Wed Sep 7 22:18:41 PDT 2011

On Thu, 2011-09-08 at 01:04 +0200, Anders Feder wrote:
> Den 07-09-2011 23:17, Jürg Billeter skrev:
> > I'm currently favoring a more modular approach where we define a core 
> > storage API that is based on the RDF model but is kept much simpler. 
> > That is, I would no longer use SPARQL (or any other query language) on 
> > the lowest level and instead provide a simple CRUD API on the level of 
> > RDF resources.
> Cool, that is very much what I've been aiming for - though in the 
> reverse direction. What I propose is capturing your use case (E-D-S 
> pushing CRUDs to Tracker) and my use case (Tracker pulling triples from 
> E-D-S) in a single, backend agnostic interface. Then one can apply this 
> interface to Tracker, E-D-S, Soprano or whatever backend one sees fit to 
> achieve compatibility with the rest of the desktop.
>
> Here are the primitives I've been operating with:
> 
> InsertStatement (triple)
> MatchStatements (pattern)
> DeleteStatement (triple)
> 
> MatchStatements returns solutions satisfying a basic graph pattern, the 
> other two are self-explanatory.
> 
> What primitives do you imagine would be needed? Are the three above 
> low-level enough?

Basic graph patterns can be very complex if you allow arbitrary SPARQL
filters. I'd say, that's not something you want to implement as part of
your application's own data store. I'd start with something like this:

# Insert/replace statements (predicate-object pairs) about uri (subject)
InsertResource (uri, statements)
# Delete all statements about uri
DeleteResource (uri)
# Return all statements about uri
GetResource (uri)
# Return all resources that have been touched since specified point
GetUpdates (since)

The last point is important as it allows application databases/indices
to be kept in sync. The interface should also provide at least a very
limited form of transactions.

Can you describe your use case in more detail?

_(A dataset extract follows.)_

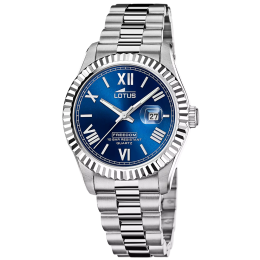 Montre homme LOTUS, 3 aiguilles date en acier cadran bleu 19002/3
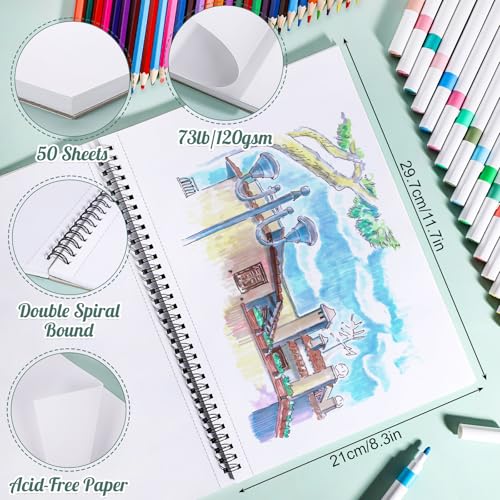 Marker Paper Pad 8.3 × 11.7 in, 50 Sheets, 120gsm Spiral Bound Sketchbook | Bleed-Resistant Coated Paper, Acid-Free, Smooth for Alcohol Markers, Pencils & Layering, Easy-Tear Spiral Pages - color: Classic, size: 8.3×11.7 inch (50 Sheets )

If I understand you
correctly, you'd like an interface that could be used by an
application-independent Tracker miner. However, I don't see how you
could keep Tracker uptodate with the above interface without retrieving
all data with MatchStatements on every sync - unless you're saying that
the signals you describe on semantk.org should be used for incremental
updates. The latter would imply that you have to guarantee that the
Tracker miner is running whenever the application is running (to not
miss any signals).

Wouldn't it be much easier to push data from the application to the RDF
store as in my proposal? Or in other words, what advantages are you
seeing by encouraging applications to provide a generic pull interface
instead of encouraging applications to push their data to a service
using a generic interface?

Jürg